Delves, a former sports administrator, said that that argument has a serious flaw, and posited that one cannot legislate issues relating to people’s personal choices about their health.
“As far as I see, this is a health issue and that is how it should be framed,” Delves said, noting that he was once involved in the preparation of a constitutional challenge to the nation’s cannabis law, but found that the government could seek shelter under the public health laws.
“But the point I want to make is this: there are lot and lots of substances that people put into their bodies on a regular basis — alcohol, cigarettes — we don’t even consider if they are harmful,” he said.
Delves said that two of the most harmful substances human consume daily are sugar and salt. He pointed out that amputation as a result of non-communicable diseases such as diabetes is widespread here, but no one would consider making sugar and salt illegal, or worst yet, making criminals, persons who consume sugar and salt.
“Should we continue to perpetuate a law that make persons criminals because they eat, or consume ganja? It’s crazy law and must go,” Delves said, informing the audience of the uneven enforcement of the marijuana laws.
“The Rasta man is like a red flag,” said Delves, who once wore dreadlocks.

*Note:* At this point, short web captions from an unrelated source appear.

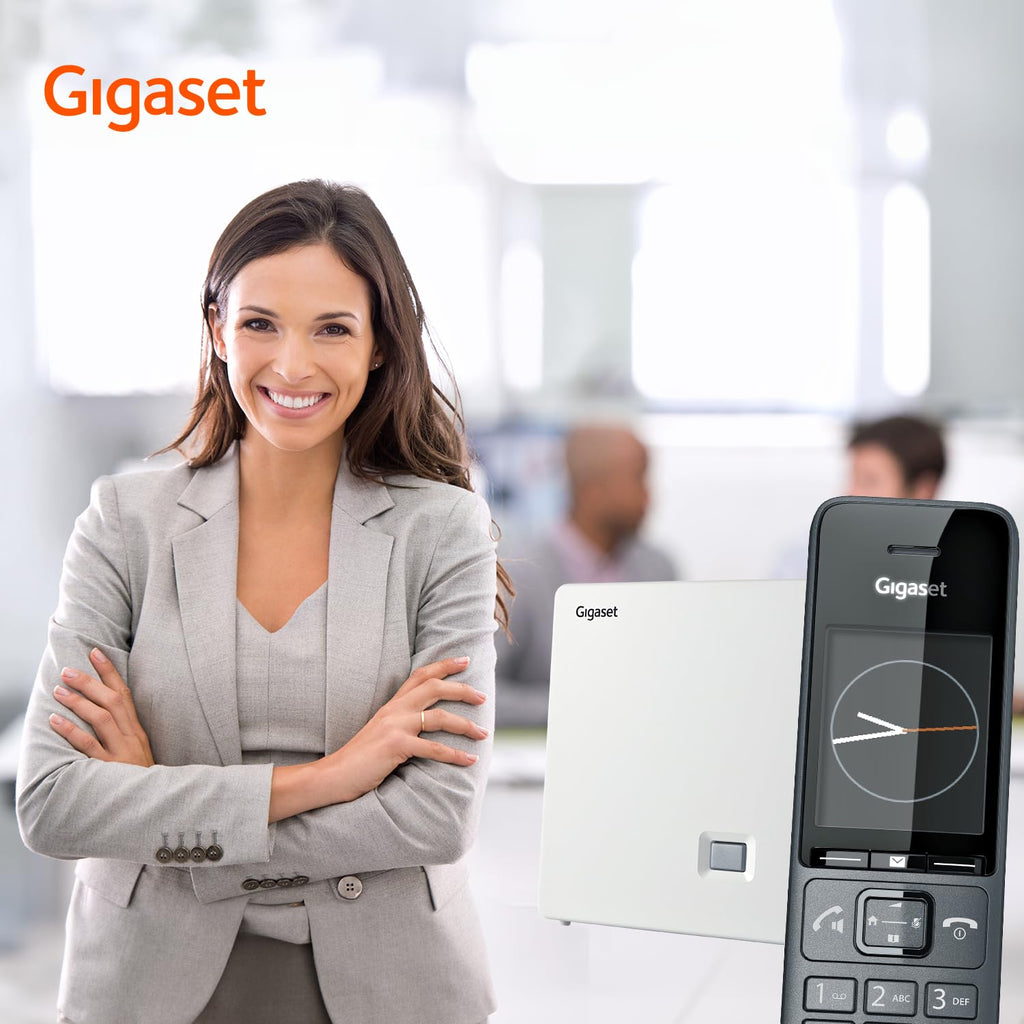 Gigaset Comfort 520A Duo - 2 Schnurlose DECT-Telefone mit Anrufbeantworter - Beste Audioqualität mit Freisprechfunktion - Anrufschutz - Adressbuch 200 Kontakten, titan-schwarz [Deutsche Version]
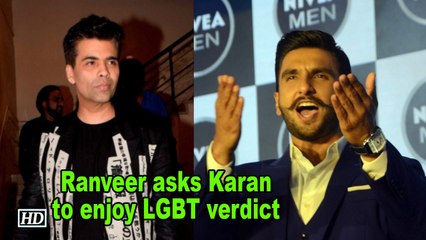 Ranveer lauds LGBT verdict says Karan can enjoy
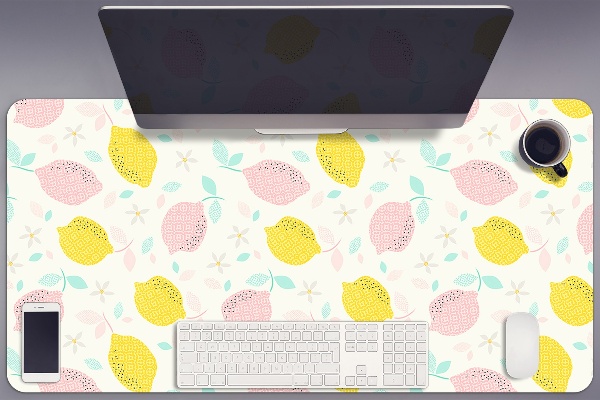 Large desk mat for children lemons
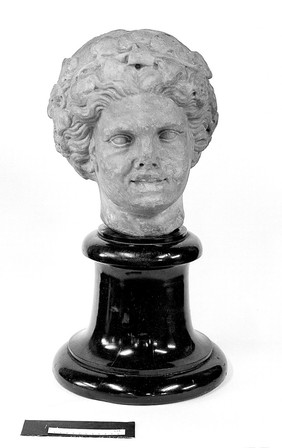 Head of sculpted woman, Greek/Roman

Jack said it would be very difficult for any pharmaceutical company to register marijuana as a drug, instating it would be very difficult to standardise and that no ethical body would legalise a product that is going to be smoked since smoking is harmful.
“It is not going to clear any registration body,” Jack said, adding that he was not disputing that marijuana has health benefits.
He, however, said the research has to be on-going, as with any drug, adding that when a drug is registered, monitoring continues for decades to see if any adverse effects have been missed, and sometimes, some drugs are discontinued.
Jack told the consultation that doctors are bound by ethics to prescribe the most effective drug available. He said there are questions about whether marijuana is the most effective drug available to treat certain illnesses, noting that if marijuana is exposed to heat and the elements, it loses its strength, hence, as a drug, it would be difficult to register.
“If you single out the cannabinoids, you can have a standard, but that is where there will be challenges between the developed and developing world,” Jack said, urging the audience to consider what market for marijuana would be in SVG, considering that the plant is easy to grow, even using hydroponics.
Jack also rebutted the argument about marijuana being in the Caribbean from creation, saying that the region was one of the last to come to the understanding and knowledge of marijuana. Asia was growing marijuana since the Third Century, he said, noting that marijuana came to Jamaica in the 1930s and to SVG in the 1960.
Director of National Emergency Management Organisation (NEMO), Howie Prime, has sought to link marijuana cultivation here to the damage done by extreme weather systems between 2010 and 2013.
He said forestry officials have said there is significant depletion of the forest, a lot of which has resulted from the contribution of marijuana.
While Prince didn’t comment on whether marijuana is good or bad, he said he wanted to ask farmers if it was necessary to cut so many trees.
“I am concerned about the degradation, cutting down do many forest trees so that the crop can be grown,” Prince said.